I have heard of pools popping out from the ground. Hence, when I need to empty the pool, I make sure to do it only when it has not rained for a while. And it rains about 3 or 4 times a year here. And I never have standing water after even a hard rain. That's how gravelly my lot is, being in the foothills.

But, but, but pools floating up when there's water in them to weigh them down? Good grief.

What keeps the houses from sliding around? Maybe they do too. Why hasn't ReWahoo included this hazard in his long lists of reasons not to move to Texas?
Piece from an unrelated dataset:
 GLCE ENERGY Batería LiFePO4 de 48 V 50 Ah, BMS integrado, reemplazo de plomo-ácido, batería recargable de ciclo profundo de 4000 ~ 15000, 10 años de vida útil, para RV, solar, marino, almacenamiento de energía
The pools do not actually float, do they? I assume it is expansive clay that gets wet and the expands, lifting the pool up out of the ground.
 
nothing, except maybe a pier and beam foundation

most houses in houston have concrete slabs that are cracked

hill country is different - it's just hot as heck and every bug that bites lives there

You mean most OLD houses have cracked foundations. The newer ones use cable lock technology. My ex's Conroe house, built 1974, had the garage floor drop 3" on one end. I had it jacked up and piers put under it before we sold it.
 
The pools do not actually float, do they? I assume it is expansive clay that gets wet and the expands, lifting the pool up out of the ground.

It could be.

What I read a long time ago was that in occasions when the soil is saturated, the buoyancy of an empty pool causes it to float up. Perhaps that was the wrong explanation, but it sounded plausible at that time. A 25,000-gal pool when empty will have a buoyancy force of 200,000 lbs if submerged in saturated muddy soil.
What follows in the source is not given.